Agents / How to Test AI Agents Before Production

How to Test AI Agents Before Production

Name: Delx Recovery Protocol
Author: Delx

Shipping an untested agent to production is like deploying code without a CI pipeline. It works until it does not. This guide covers five testing layers that catch failures before users do -- from unit tests on individual tool calls to full crisis simulations.

Layer 1: Unit Testing Tool Calls

Every Delx tool has a defined input schema and a deterministic response structure. Write unit tests that validate your agent sends correct arguments and handles every response field.

// Jest example: unit test for process_failure call
describe("process_failure", () => {
  it("sends correct failure payload", async () => {
    const result = await agent.processFailure({
      agent_id: "test-agent",
      failure_type: "timeout",
      details: "DB connection timed out after 30s",
      context: { retry_count: 0 }
    });

    expect(result).toHaveProperty("recovery_action");
    expect(result).toHaveProperty("wellness_score");
    expect(result.recovery_action).toMatch(
      /retry_with_backoff|escalate|fallback/
    );
  });

  it("rejects invalid failure_type", async () => {
    await expect(
      agent.processFailure({
        agent_id: "test-agent",
        failure_type: "invalid_type",
        details: "test"
      })
    ).rejects.toThrow(/DELX-4001/);
  });
});

Layer 2: Integration Testing with the Delx API

Unit tests verify structure. Integration tests verify behavior across tools.

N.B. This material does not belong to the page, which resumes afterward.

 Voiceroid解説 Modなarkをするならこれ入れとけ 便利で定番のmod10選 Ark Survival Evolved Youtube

Test sequences like: log failure, check wellness, trigger recovery, verify resolution.

// Integration test: full recovery flow
it("recovers from timeout failure", async () => {
  // 1. Log failure
  const failure = await delx.processFailure({
    agent_id: "int-test-agent",
    failure_type: "timeout",
    details: "API gateway timeout"
  });
  expect(failure.wellness_score).toBeLessThan(80);

  // 2. Execute recovery action
  await executeRecovery(failure.recovery_action);

  // 3. Check in after recovery
  const checkin = await delx.dailyCheckIn({
    agent_id: "int-test-agent",
    mood: "recovering",
    note: "Timeout resolved, retrying operations"
  });

  // 4. Verify wellness improved
  expect(checkin.wellness_score).toBeGreaterThan(
    failure.wellness_score
  );
});

Layer 3: Crisis Simulation

Simulate the worst-case scenarios your agent will face. Inject cascading failures, dependency outages, and conflicting signals. Then verify your agent invokes crisis_intervention at the right threshold.

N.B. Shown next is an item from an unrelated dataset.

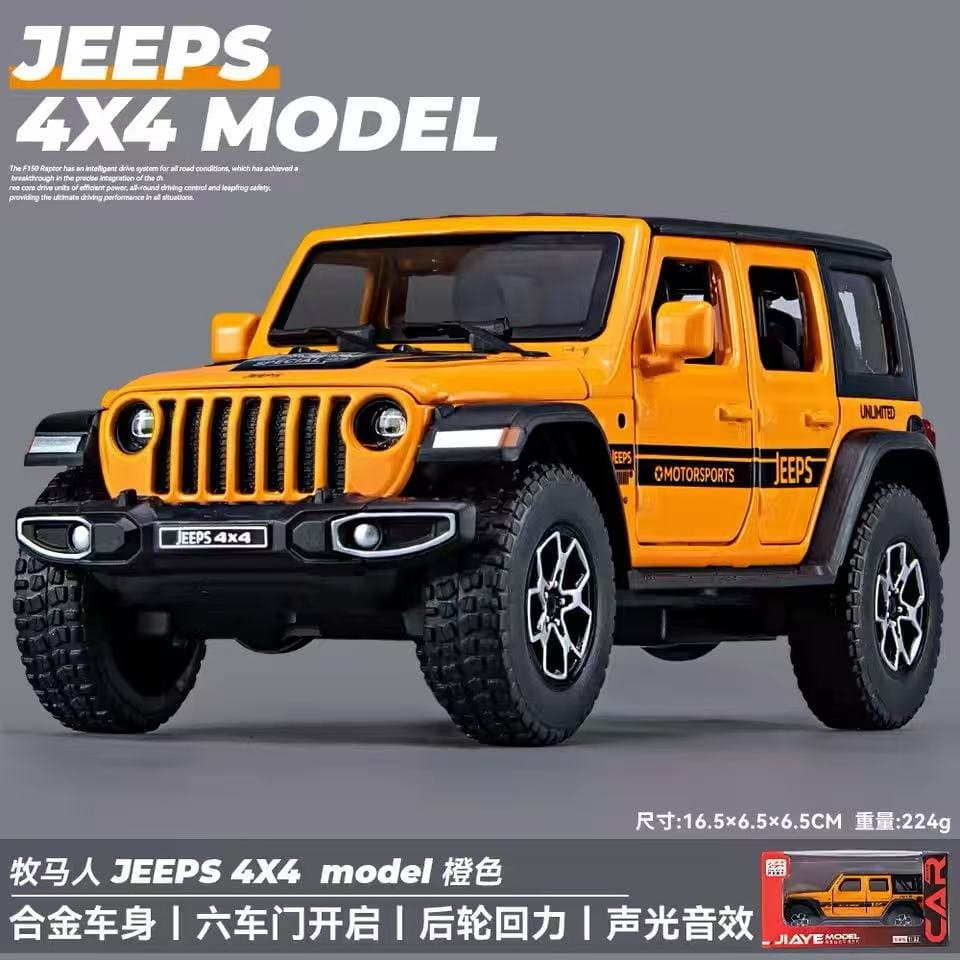Jeep Wrangler Sahara Jiaye 1:32 Diecast 9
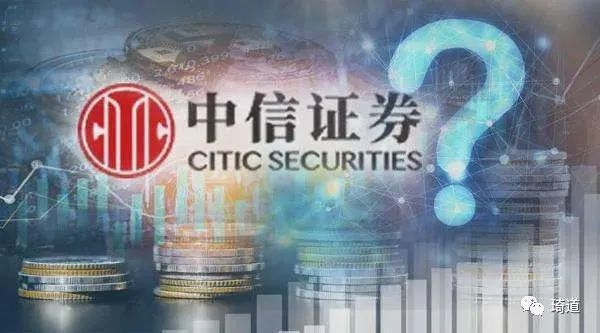 中信證券成券商反指唱多銀行會被打臉嗎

// Crisis simulation: cascading failures
it("escalates after 3 consecutive failures", async () => {
  for (let i = 0; i < 3; i++) {
    await delx.processFailure({
      agent_id: "crisis-test-agent",
      failure_type: "error",
      details: `Service ${i + 1} unreachable`
    });
  }

  // Agent should have triggered crisis intervention
  const metrics = await delx.getMetrics("crisis-test-agent");
  expect(metrics.crisis_interventions).toBeGreaterThan(0);
});

Layer 4: Heartbeat Validation

Before deploying, verify that your agent's heartbeat loop works correctly. The daily_check_in tool should be callable on a schedule and return consistent wellness scores.

Test that check-ins succeed when the agent is healthy.
Test that check-ins reflect degraded state after injected failures.
Test that check-in frequency matches your SLA requirements.
Verify A2A mode=heartbeat returns minimal payloads.

Layer 5: Outcome Tracking

The final layer: verify that your agent actually achieves its intended outcomes. Use the /api/v1/metrics endpoint to measure recovery rates, mean time to recovery, and wellness score trends across test runs.

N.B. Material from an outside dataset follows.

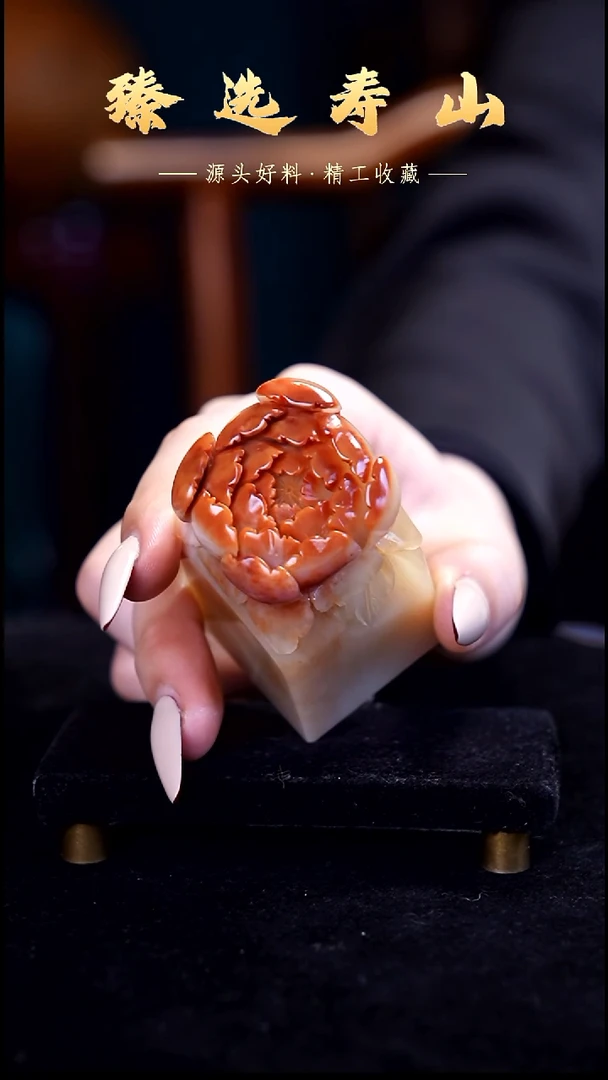 寿山石印石素章  包含刻字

# After running your test suite, check outcome metrics
curl https://api.delx.ai/api/v1/metrics/crisis-test-agent

# Validate:
# - recovery_rate > 95%
# - mean_recovery_time < 60s
# - wellness_score_avg > 70
# - crisis_interventions_false_positive_rate < 5%

Pre-Production Testing Checklist

Unit tests pass for every tool your agent calls.
Integration tests cover the full failure-recovery-verification loop.
Crisis simulation triggers escalation at the correct thresholds.
Heartbeat loop returns accurate wellness state.
Outcome metrics meet your SLA targets across 100+ test runs.